(Saved data entries)
---+---

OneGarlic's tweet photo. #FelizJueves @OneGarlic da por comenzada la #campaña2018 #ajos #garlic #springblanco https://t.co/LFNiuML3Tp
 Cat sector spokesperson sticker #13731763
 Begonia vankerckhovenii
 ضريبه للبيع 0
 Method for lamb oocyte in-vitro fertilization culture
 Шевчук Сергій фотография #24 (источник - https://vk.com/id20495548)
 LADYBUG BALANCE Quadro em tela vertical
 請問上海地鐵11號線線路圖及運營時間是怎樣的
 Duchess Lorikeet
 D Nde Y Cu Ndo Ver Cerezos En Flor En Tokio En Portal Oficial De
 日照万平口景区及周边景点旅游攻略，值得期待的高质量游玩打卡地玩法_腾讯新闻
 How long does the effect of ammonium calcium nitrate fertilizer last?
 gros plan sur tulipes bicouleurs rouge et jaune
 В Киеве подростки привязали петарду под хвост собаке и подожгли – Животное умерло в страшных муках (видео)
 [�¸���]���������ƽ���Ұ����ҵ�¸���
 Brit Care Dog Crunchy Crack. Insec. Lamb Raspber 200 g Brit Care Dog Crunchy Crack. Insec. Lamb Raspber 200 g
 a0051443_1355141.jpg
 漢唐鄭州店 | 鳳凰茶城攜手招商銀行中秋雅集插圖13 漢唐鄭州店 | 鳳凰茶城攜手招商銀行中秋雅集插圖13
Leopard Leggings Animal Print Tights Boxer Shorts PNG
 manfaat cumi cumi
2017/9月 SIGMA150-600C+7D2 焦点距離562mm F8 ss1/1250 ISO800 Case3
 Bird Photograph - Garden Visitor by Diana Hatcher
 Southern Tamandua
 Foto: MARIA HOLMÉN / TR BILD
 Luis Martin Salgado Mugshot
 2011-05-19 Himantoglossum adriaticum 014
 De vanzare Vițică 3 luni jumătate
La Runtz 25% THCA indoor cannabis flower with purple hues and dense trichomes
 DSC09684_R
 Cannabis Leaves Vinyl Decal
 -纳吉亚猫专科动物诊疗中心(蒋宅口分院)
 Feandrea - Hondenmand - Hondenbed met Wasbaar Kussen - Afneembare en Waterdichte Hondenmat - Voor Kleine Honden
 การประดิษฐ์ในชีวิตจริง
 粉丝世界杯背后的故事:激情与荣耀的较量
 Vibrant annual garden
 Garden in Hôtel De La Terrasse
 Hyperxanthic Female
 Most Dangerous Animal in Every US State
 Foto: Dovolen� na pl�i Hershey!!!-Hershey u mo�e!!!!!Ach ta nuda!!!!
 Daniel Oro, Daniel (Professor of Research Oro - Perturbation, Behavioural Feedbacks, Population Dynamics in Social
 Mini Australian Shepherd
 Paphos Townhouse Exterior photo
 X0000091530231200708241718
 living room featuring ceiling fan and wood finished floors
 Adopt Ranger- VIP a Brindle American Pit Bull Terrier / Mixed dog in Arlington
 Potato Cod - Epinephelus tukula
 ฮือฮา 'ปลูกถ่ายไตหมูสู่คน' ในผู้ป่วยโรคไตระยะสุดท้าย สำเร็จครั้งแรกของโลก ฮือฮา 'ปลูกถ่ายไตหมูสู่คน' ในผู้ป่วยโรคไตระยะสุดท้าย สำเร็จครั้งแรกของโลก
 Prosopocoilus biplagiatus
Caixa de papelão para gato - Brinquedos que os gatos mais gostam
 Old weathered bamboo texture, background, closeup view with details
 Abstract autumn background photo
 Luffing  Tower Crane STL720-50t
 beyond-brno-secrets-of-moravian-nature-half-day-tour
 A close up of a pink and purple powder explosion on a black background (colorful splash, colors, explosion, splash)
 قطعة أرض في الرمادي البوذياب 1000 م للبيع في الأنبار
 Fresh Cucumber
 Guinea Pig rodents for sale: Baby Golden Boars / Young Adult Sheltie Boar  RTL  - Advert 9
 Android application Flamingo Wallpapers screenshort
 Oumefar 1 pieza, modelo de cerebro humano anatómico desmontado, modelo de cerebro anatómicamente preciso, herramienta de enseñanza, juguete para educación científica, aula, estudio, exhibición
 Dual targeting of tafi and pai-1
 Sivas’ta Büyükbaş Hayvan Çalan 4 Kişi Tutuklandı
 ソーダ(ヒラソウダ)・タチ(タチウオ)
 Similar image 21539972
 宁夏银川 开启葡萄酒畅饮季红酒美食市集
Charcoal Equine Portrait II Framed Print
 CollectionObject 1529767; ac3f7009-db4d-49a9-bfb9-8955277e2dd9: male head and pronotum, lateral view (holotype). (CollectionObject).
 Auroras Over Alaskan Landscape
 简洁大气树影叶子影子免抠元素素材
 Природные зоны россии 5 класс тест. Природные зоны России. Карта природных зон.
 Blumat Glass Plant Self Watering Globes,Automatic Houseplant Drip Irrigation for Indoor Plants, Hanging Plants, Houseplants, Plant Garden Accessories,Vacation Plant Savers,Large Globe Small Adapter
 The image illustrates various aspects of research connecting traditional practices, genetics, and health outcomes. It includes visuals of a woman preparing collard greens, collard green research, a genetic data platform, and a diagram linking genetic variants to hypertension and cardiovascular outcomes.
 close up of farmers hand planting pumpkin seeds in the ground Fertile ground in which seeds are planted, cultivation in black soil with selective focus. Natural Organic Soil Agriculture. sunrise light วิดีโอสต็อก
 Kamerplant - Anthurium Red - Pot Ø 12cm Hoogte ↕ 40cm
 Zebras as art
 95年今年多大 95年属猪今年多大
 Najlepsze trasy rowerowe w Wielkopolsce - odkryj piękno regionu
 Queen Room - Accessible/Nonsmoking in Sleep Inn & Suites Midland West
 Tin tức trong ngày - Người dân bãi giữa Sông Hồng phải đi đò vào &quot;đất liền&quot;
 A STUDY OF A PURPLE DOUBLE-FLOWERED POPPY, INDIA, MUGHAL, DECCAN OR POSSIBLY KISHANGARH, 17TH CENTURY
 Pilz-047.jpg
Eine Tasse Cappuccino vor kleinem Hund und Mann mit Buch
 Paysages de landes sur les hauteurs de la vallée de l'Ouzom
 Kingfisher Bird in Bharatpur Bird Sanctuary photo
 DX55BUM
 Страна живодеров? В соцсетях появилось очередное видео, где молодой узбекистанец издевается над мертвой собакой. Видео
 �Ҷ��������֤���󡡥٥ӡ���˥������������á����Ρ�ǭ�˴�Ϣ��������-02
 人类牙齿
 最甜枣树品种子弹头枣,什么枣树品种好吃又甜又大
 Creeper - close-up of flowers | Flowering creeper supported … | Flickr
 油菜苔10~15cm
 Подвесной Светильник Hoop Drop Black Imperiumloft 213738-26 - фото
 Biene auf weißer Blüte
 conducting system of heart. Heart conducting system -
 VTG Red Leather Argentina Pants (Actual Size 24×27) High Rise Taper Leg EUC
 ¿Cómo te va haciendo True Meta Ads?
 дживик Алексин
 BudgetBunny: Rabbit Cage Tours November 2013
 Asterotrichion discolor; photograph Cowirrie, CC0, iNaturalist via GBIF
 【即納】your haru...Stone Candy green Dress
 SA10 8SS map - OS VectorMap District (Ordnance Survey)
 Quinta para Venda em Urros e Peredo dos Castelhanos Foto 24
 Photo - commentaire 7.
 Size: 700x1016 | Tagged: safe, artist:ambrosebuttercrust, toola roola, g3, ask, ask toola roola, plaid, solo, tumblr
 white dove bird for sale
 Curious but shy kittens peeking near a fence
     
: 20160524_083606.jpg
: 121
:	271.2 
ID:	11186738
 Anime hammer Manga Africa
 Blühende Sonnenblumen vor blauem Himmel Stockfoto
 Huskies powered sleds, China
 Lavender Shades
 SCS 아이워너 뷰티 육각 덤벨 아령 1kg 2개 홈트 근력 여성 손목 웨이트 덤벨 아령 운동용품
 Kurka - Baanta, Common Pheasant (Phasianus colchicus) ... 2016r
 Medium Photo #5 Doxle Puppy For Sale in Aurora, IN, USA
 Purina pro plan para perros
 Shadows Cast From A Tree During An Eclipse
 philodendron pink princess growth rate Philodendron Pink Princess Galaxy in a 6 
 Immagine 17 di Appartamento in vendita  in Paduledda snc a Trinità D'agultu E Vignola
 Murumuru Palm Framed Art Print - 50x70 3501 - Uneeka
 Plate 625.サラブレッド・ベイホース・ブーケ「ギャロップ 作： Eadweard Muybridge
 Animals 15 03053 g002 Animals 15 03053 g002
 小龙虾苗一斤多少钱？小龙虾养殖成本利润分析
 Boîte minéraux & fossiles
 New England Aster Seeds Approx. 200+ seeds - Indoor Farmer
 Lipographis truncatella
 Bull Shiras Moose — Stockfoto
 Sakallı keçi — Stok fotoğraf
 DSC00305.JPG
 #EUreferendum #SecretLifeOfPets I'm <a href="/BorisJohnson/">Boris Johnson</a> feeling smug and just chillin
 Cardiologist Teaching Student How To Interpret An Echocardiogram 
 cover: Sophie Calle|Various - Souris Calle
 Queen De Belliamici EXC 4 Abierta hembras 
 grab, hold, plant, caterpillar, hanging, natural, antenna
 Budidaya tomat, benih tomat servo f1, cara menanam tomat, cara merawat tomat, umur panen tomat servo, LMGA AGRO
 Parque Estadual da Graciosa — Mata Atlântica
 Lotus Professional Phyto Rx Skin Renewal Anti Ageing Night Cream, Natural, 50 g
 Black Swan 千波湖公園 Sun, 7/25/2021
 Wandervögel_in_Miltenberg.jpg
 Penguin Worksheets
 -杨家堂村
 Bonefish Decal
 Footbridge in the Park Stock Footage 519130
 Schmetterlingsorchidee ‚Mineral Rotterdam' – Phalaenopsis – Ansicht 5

---+---

> Work task: Which lines above run from the one containing "قطعة أرض في" down to the one containing "Charcoal Equine Portrait II Framed Print"? Repeat exactly those, both ends included, and nothing else.

> Task answer:
 قطعة أرض في الرمادي البوذياب 1000 م للبيع في الأنبار
 Fresh Cucumber
 Guinea Pig rodents for sale: Baby Golden Boars / Young Adult Sheltie Boar  RTL  - Advert 9
 Android application Flamingo Wallpapers screenshort
 Oumefar 1 pieza, modelo de cerebro humano anatómico desmontado, modelo de cerebro anatómicamente preciso, herramienta de enseñanza, juguete para educación científica, aula, estudio, exhibición
 Dual targeting of tafi and pai-1
 Sivas’ta Büyükbaş Hayvan Çalan 4 Kişi Tutuklandı
 ソーダ(ヒラソウダ)・タチ(タチウオ)
 Similar image 21539972
 宁夏银川 开启葡萄酒畅饮季红酒美食市集
Charcoal Equine Portrait II Framed Print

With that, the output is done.